■ Listed entries:
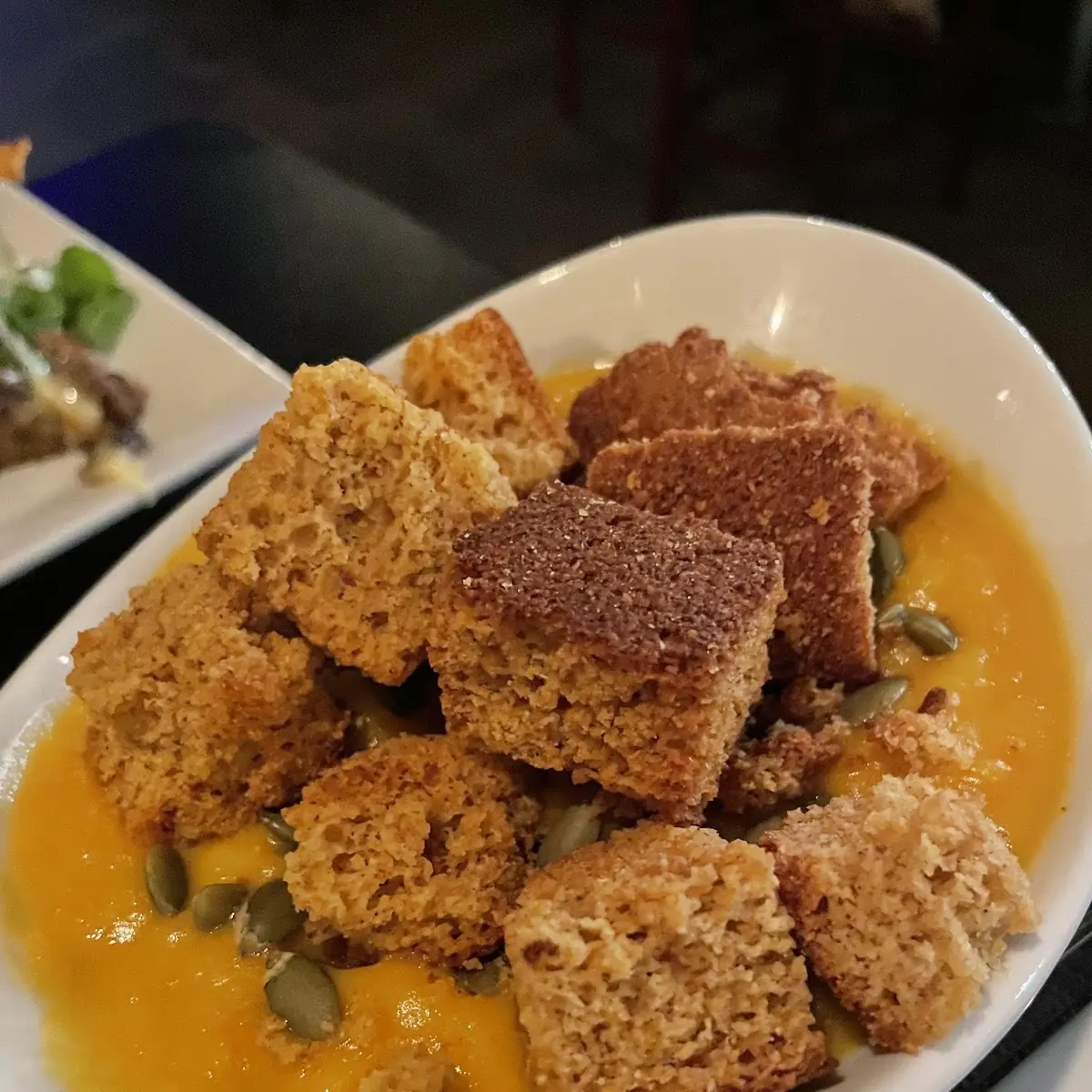 Roasted Squash Soup
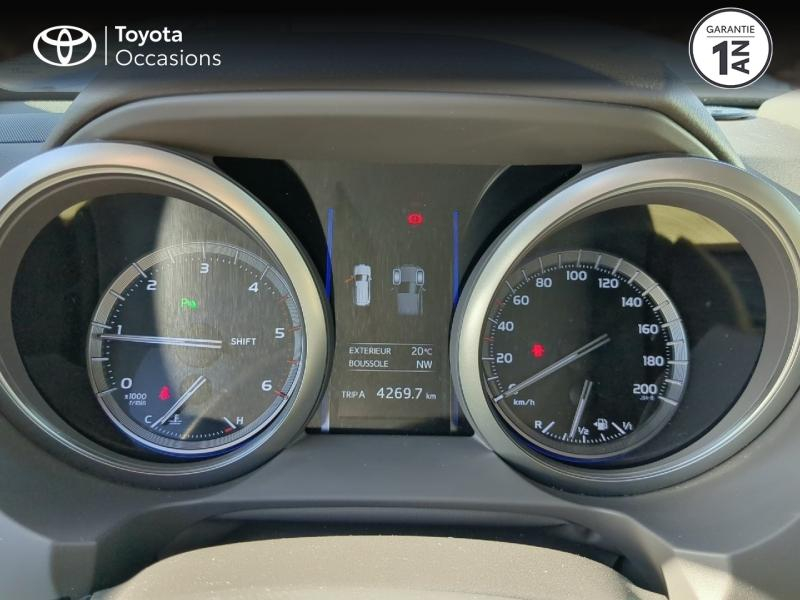 TOYOTA Land Cruiser d’occasion à vendre à AUBIÈRE chez ARVERNE (Photo 14)
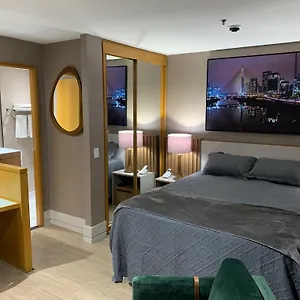 Hotel Flat Particular Com Servico De + Sofa-cama! 4*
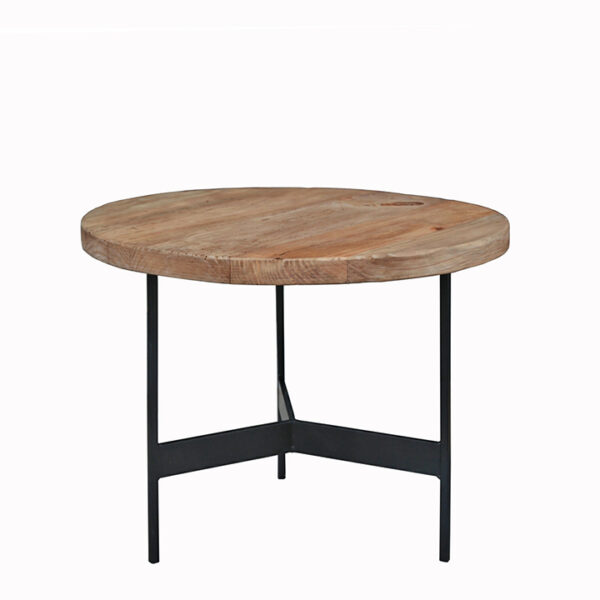 Στρογγυλό side table
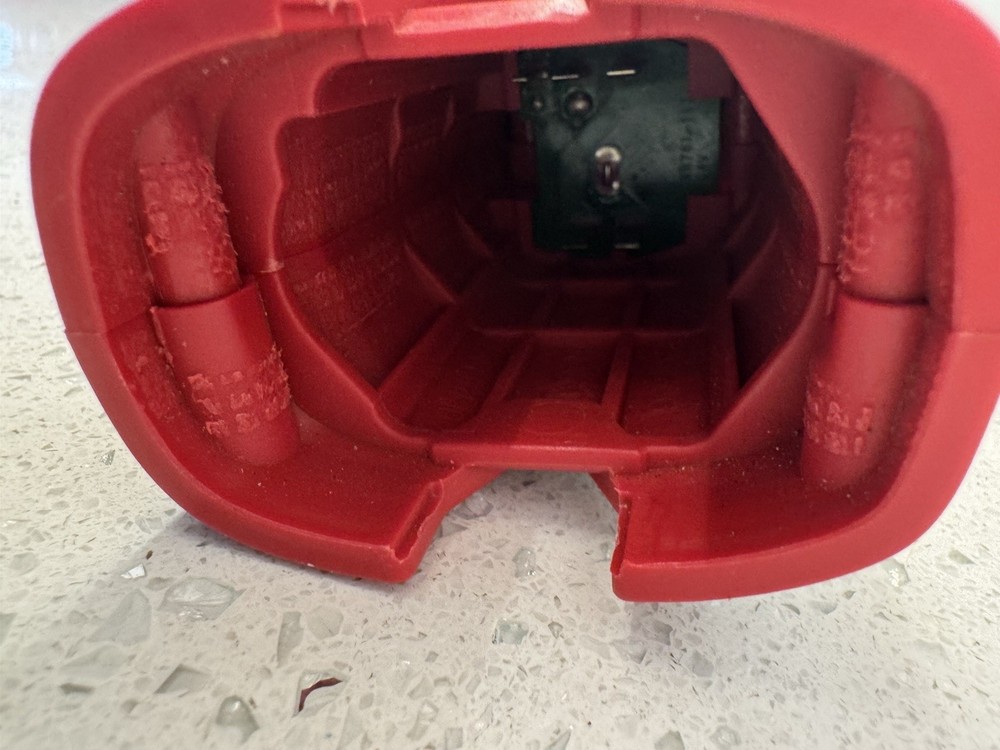 Snap-on Tools CTSR761 1/4" 14.4v Cordless Right Angle Screwdriver TOOL ONLY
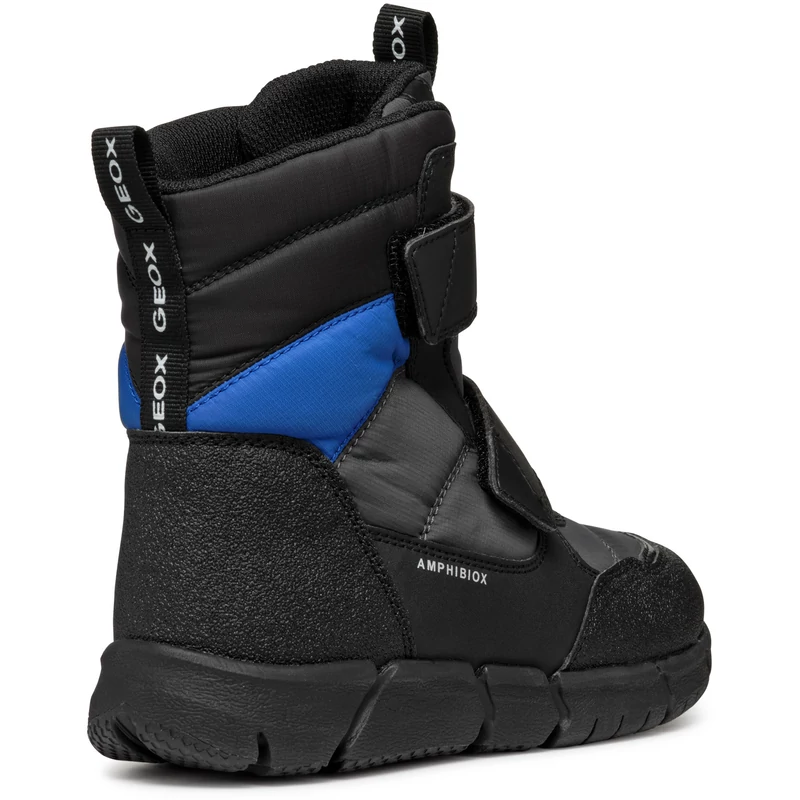 Geox fiú téli bélelt gyerekcipő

■ Task objective:
For each entry, copy the text exactly and leave out any image it carries.

■ Your response:
 Roasted Squash Soup
 TOYOTA Land Cruiser d’occasion à vendre à AUBIÈRE chez ARVERNE (Photo 14)
 Hotel Flat Particular Com Servico De + Sofa-cama! 4*
 Στρογγυλό side table
 Snap-on Tools CTSR761 1/4" 14.4v Cordless Right Angle Screwdriver TOOL ONLY
 Geox fiú téli bélelt gyerekcipő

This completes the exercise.